• **Aim of the exercise**: Beginning with the line containing "S5030191.jpg", transcribe every line exactly down to the last one in the records below, and drop the pictures.

───

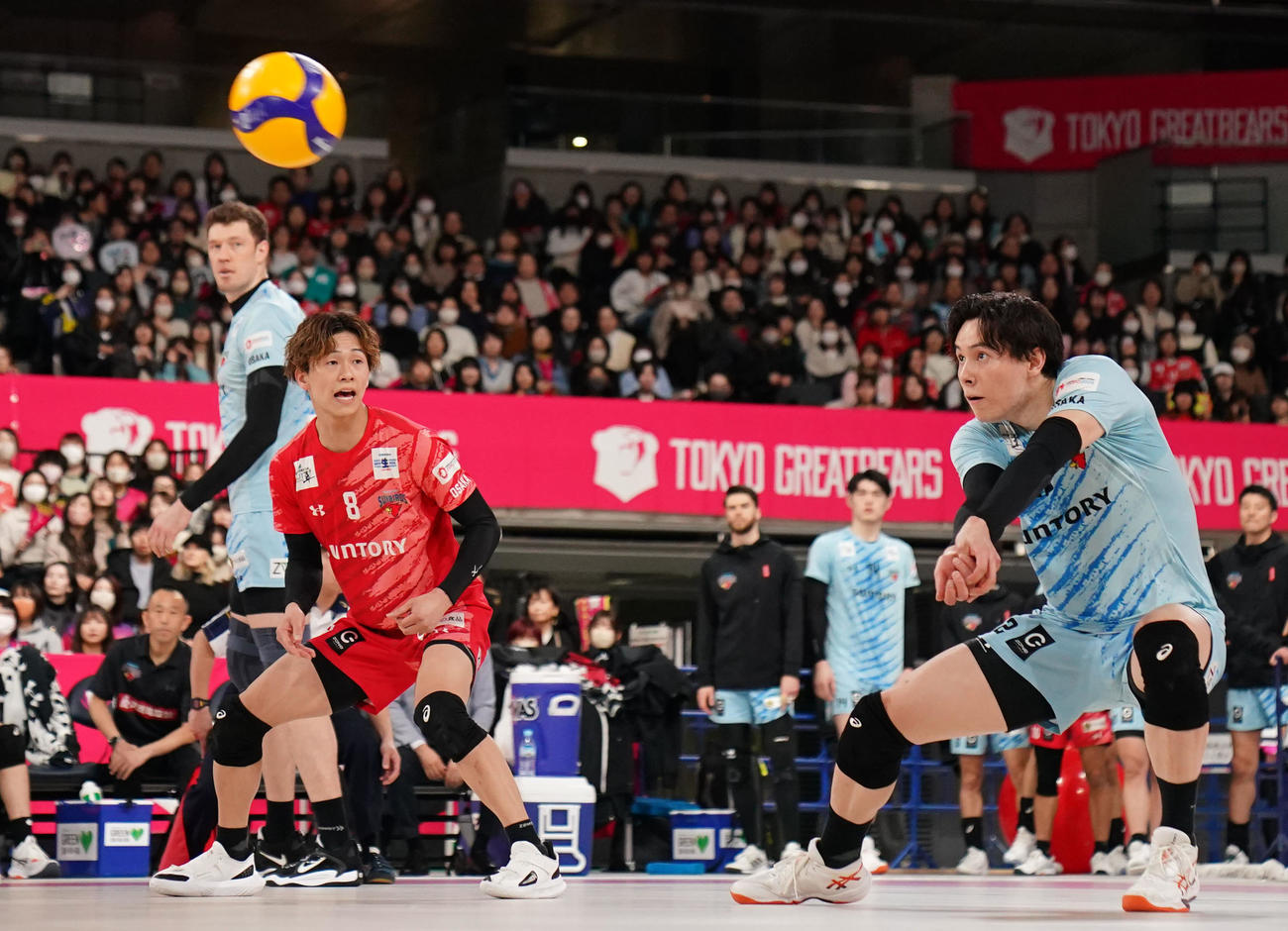 東京GB対サントリー　第1セット、ボールを拾うサントリー高橋（右）（撮影・横山健太）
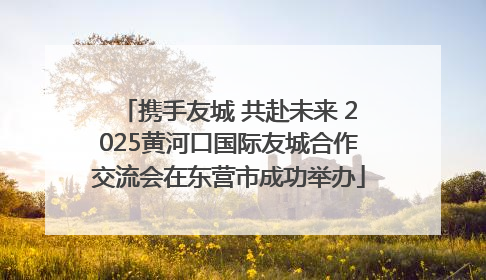 携手友城 共赴未来 2025黄河口国际友城合作交流会在东营市成功举办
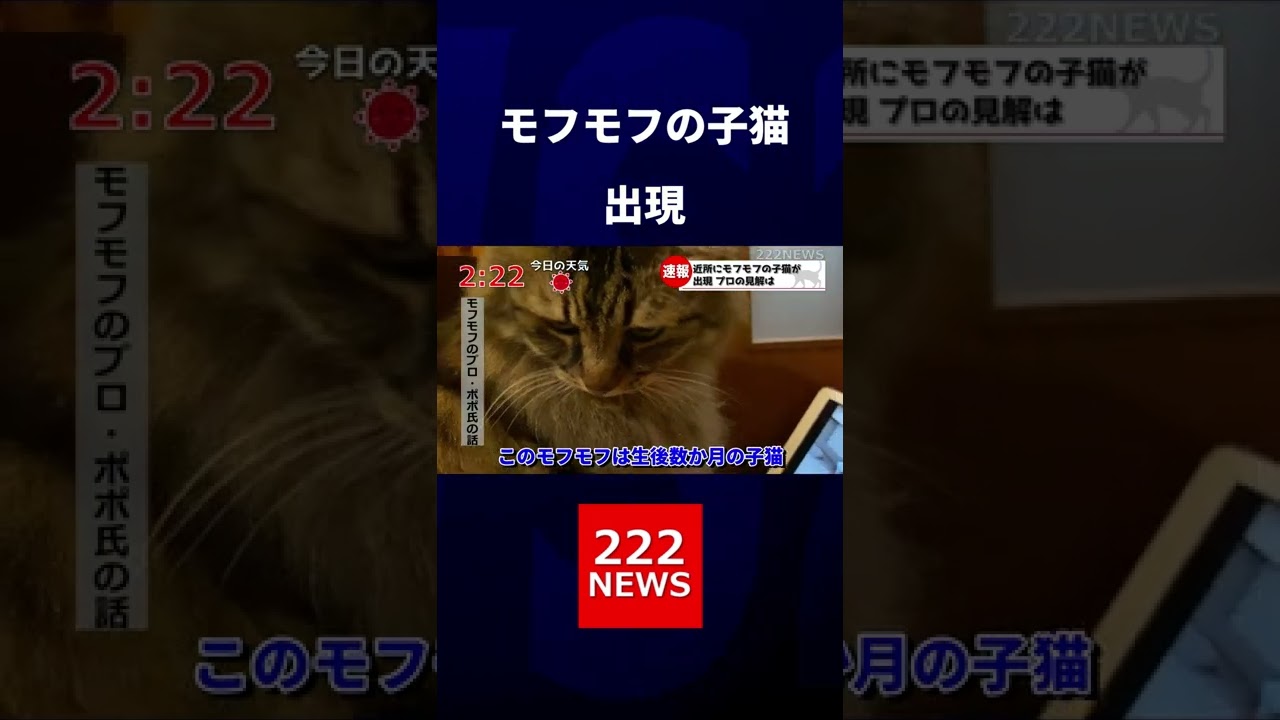 子猫をプロファイリングする猫 #shorts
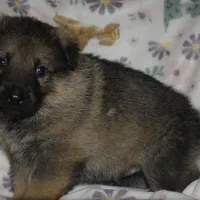 Mercury, a male German Shepherd Dog for sale in Waynesville, OH – Photo 2 of 5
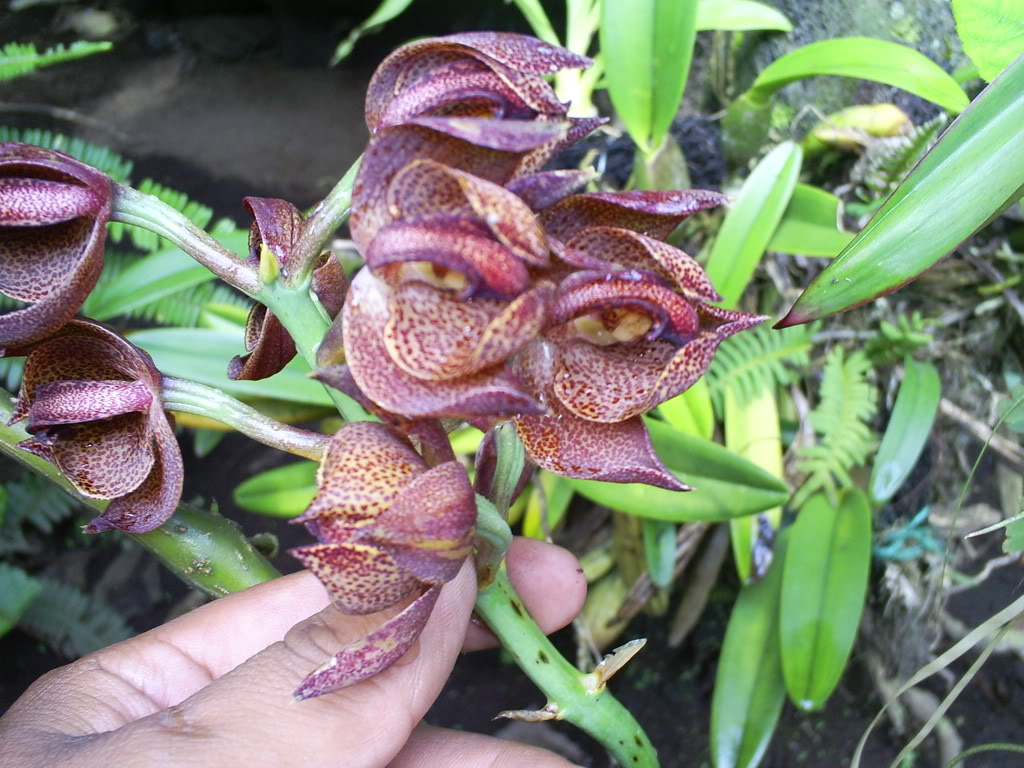 S5030191.jpg
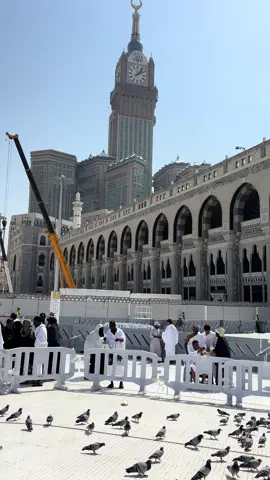 ‏الوقت الذي تقضيه وحدك ‏ تراجع فيه أمورك، تصحّح مفاهيمك تستدرك مهامك، تتأمل فيه دنياك ‏ثم تستشعر نعم الله عليك، هذا الوقت من نعيم الحياة.💗#اكسبلورexplore❥🕊 #المسجد_الحرام #اكسبلور #مكه_الان #تصويري📷 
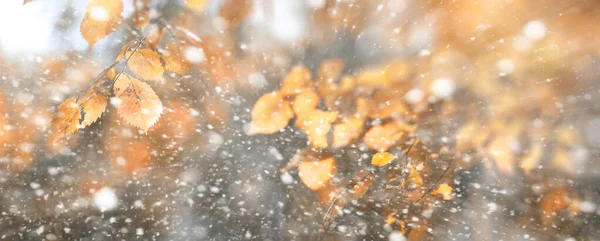 Parco autunnale sullo sfondo nella prima neve — Foto Stock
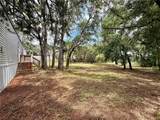 2716 Fast Trot Trail - Photo 9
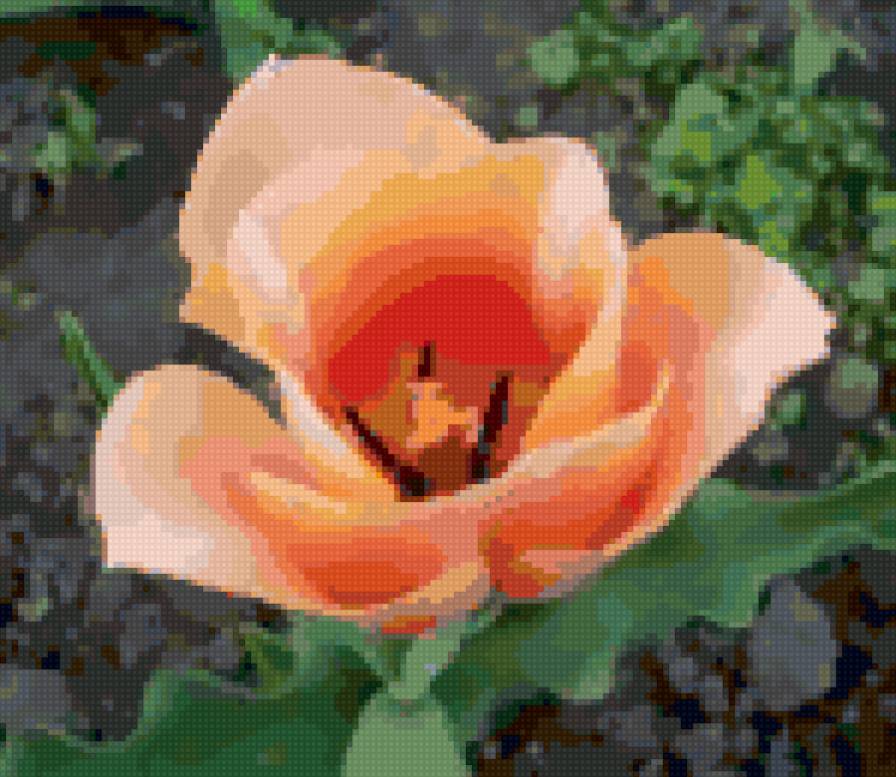 Тюльпан "Apricot Beauty" - цветы - предпросмотр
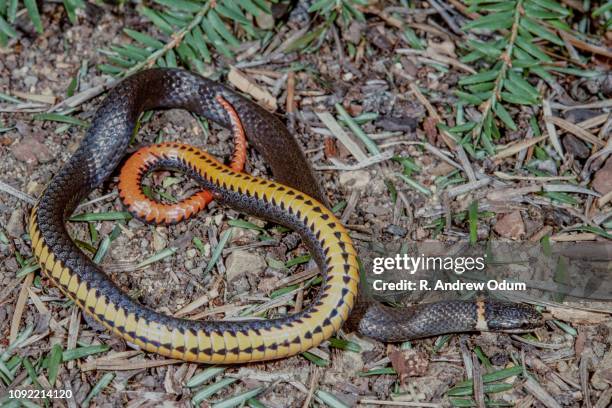 ring-neck snake - ringneck snake stock pictures, royalty-free photos & images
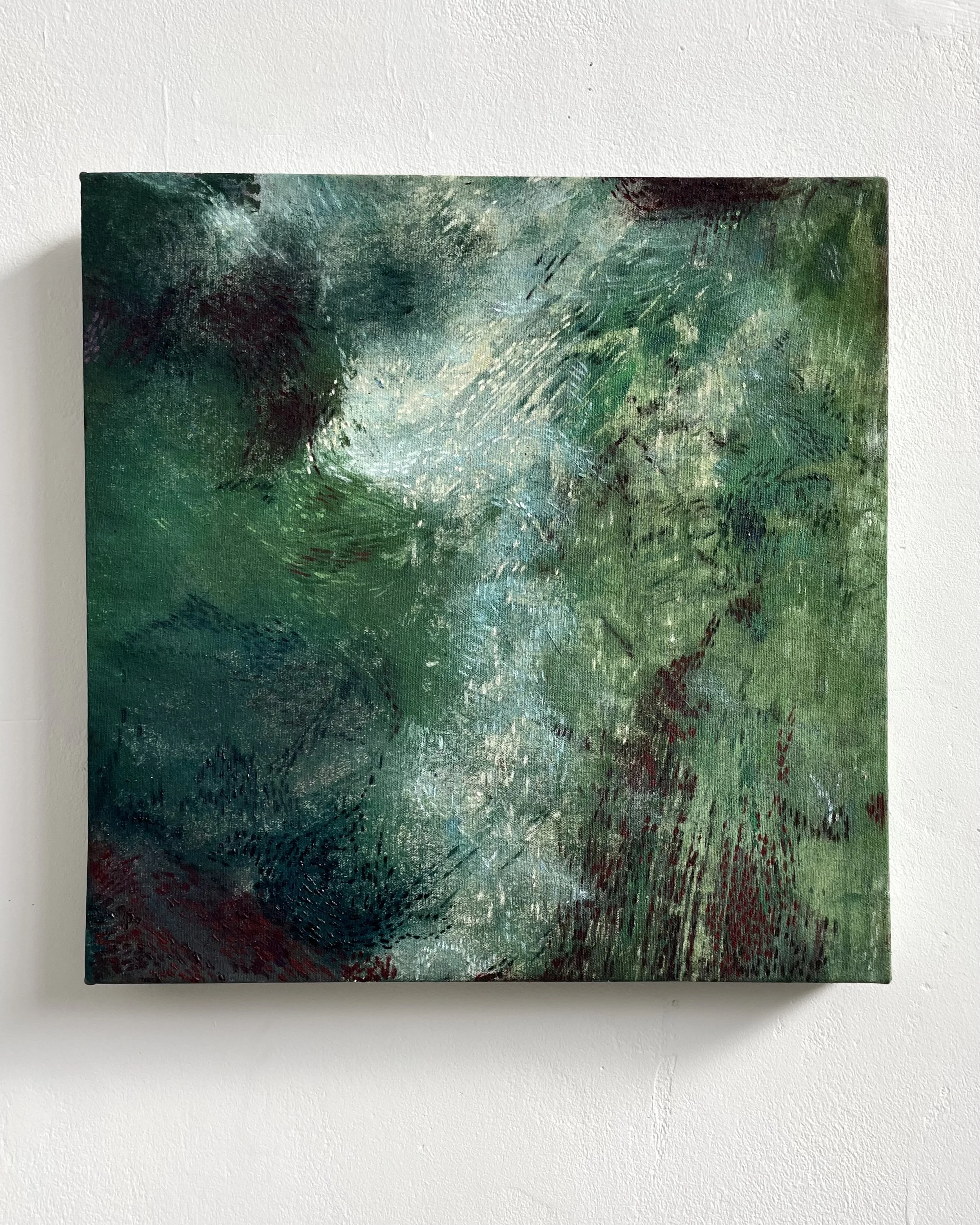 'Alba' oil on canvas 30 x 30cm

───

• **Answer to this problem**:
 S5030191.jpg
 ‏الوقت الذي تقضيه وحدك ‏ تراجع فيه أمورك، تصحّح مفاهيمك تستدرك مهامك، تتأمل فيه دنياك ‏ثم تستشعر نعم الله عليك، هذا الوقت من نعيم الحياة.💗#اكسبلورexplore❥🕊 #المسجد_الحرام #اكسبلور #مكه_الان #تصويري📷 
 Parco autunnale sullo sfondo nella prima neve — Foto Stock
 2716 Fast Trot Trail - Photo 9
 Тюльпан "Apricot Beauty" - цветы - предпросмотр
 ring-neck snake - ringneck snake stock pictures, royalty-free photos & images
 'Alba' oil on canvas 30 x 30cm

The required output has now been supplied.